Galería Tomás March is proud to present the exhibition “Ilbehera” by Manu Muniategiandikoetxea (Bergara, 1966). This is his third exhibition in Valencia, following shows in My Name’s Lolita Art in 2000 and 2003. He has also exhibited in many other galleries and museums in Spain including Espacio Mínimo Madrid, in Art Basel Miami Beach 2004, Sala Rekalde (Bilbao), Galería Palma Doze (Villafranca del Penedés, Barcelona), Trinta (Santiago de Compostela), Centro de Arte Santa Mónica (Barcelona), Galería DV (San Sebastián), etc.
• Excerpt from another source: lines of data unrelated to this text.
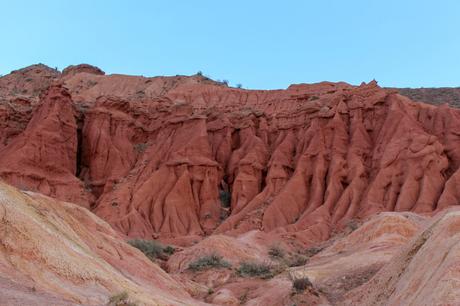 Close-up of striking red rock cliffs with sharp ridges and weathered textures, framed against a pale blue sky.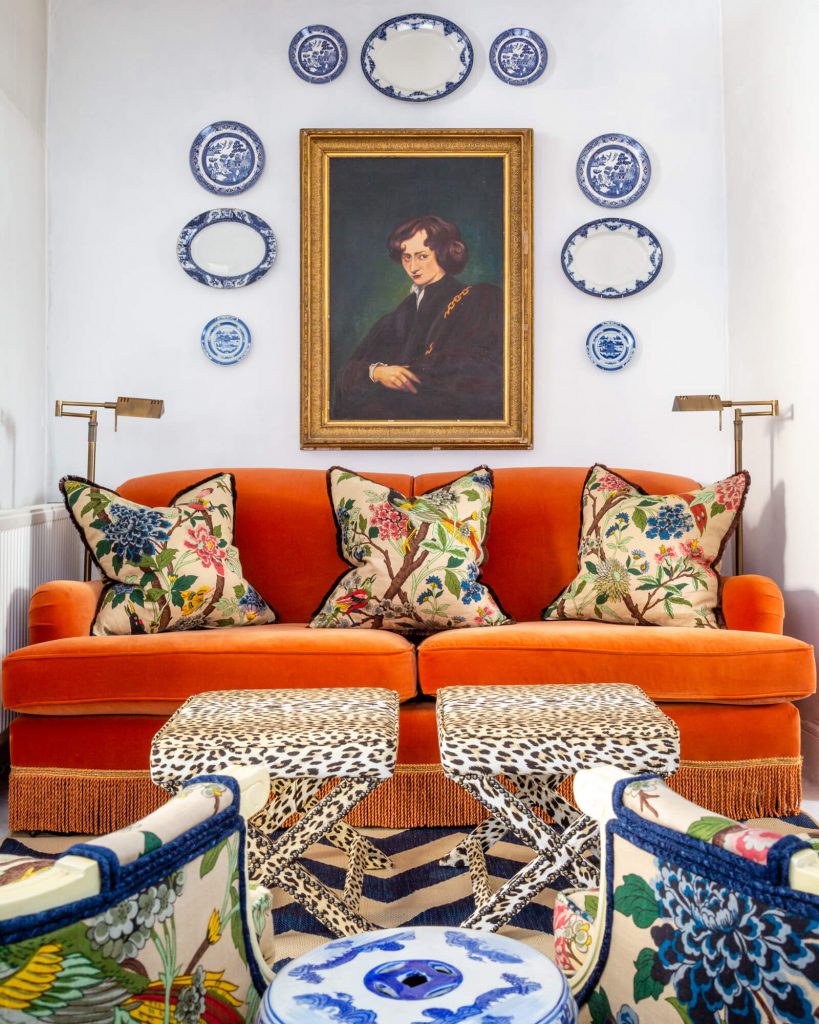 A straight on shot of a vibrant room filled with pattern and print. A burnt orange velvet fringed sofa sits at the centre, with three plush fringed floral cushions sat atop it. Two brass reading lights sit symmetrically on either side of the sofa, and in front are two leopard print upholstered x-frame stools. Above the sofa hangs an oil painting of well dressed courtier and surrounding him symmetrically are blue and white vintage plates. In the foreground sits a large blue and white antique urn and two angled floral armchairs with navy piping. These are in the same fabric as the cushions on the sofa. All of this sits on top of a blue and taupe herringbone jute rug.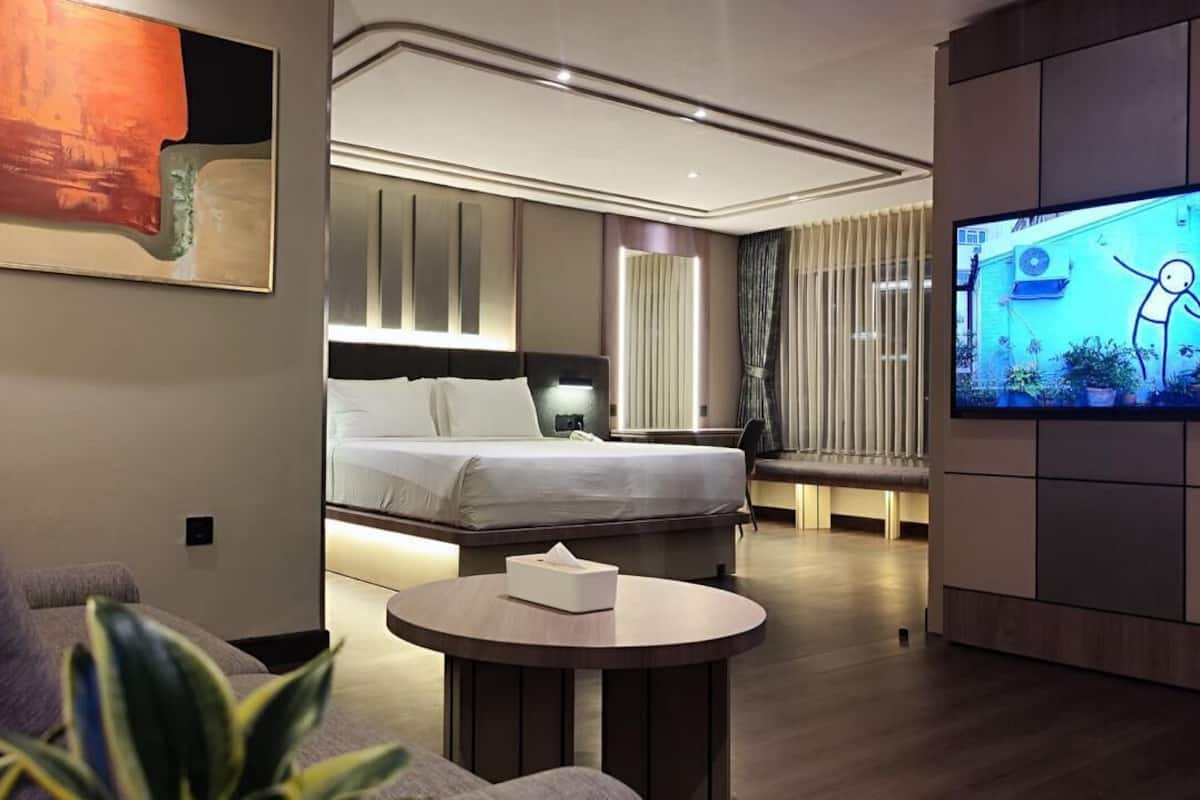 Ein modernes Hotelzimmer mit einem großen Bett, einem runden Couchtisch, einem Fernseher und einem Bild an der Wand.
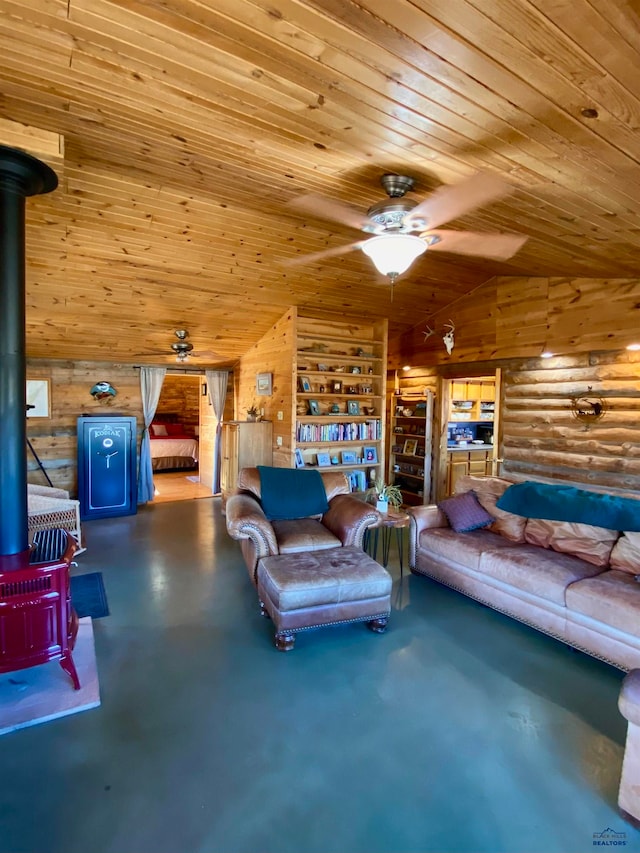 living room with lofted ceiling, ceiling fan, a wood stove, concrete flooring, and wooden ceiling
His work is included in many major Spanish collections like Altadis, L’Oreal, Caja Madrid, Banco de España, Coca Cola, Museo Artium, Unión Fenosa, City Council of Pamplona, etc.“Conscious of the difficulty which painting faces when competing with other media in the
construction of an effective dialogue with the real world, Manu Muniategiandikoetxea has been progressively building, from the stance of a painter, a series of extraordinarily flexible strategies in which he demonstrates that this medium is capable of sustaining a continual renewal of its discursive potentiality. First of all, he opts for exploring what is foreign to this medium: real space; and he does so by exploding the plane and expanding the pictorial practice, redirecting it towards a spatial deployment through the elaboration of structures that escape the idea of representation and are transformed into objects.
The primary consequence of this slippage is that an interpretation of his drawings, paintings and sculptures can only be addressed as an indissoluble whole, as different states of the same question. This then suggests an understanding of the sequential process where one single form, one single element, appears again and again—like in a play of mirrors—from the plane to the space, from the small format to an enormous scale that even opens up to the interior, from the drawing to its objectual correspondence or, even, that it might be this very presence in space which is also transformed into an exploration of the plane. Muniategiandikoetxea deploys a whole visual and conceptual machinery that functions like a test ground in which some pieces offer continuity in others, where some resolutions find support in others and each work takes on the dimension of an element in an permanently unfinished process. In much the same way, he co-opts citations and references to the history of art—with artists ranging from Basque sculptors to Russian constructivists, especially Oteiza and Ibarrola, Rodchenko and Popova, or more contemporary names like Nauman and Kippenberger—and he builds bridges with other art languages—literature, film, photography and comic—or allows aspects of subjectivity and experience of the everyday to become the raw material that feeds and expands his work.”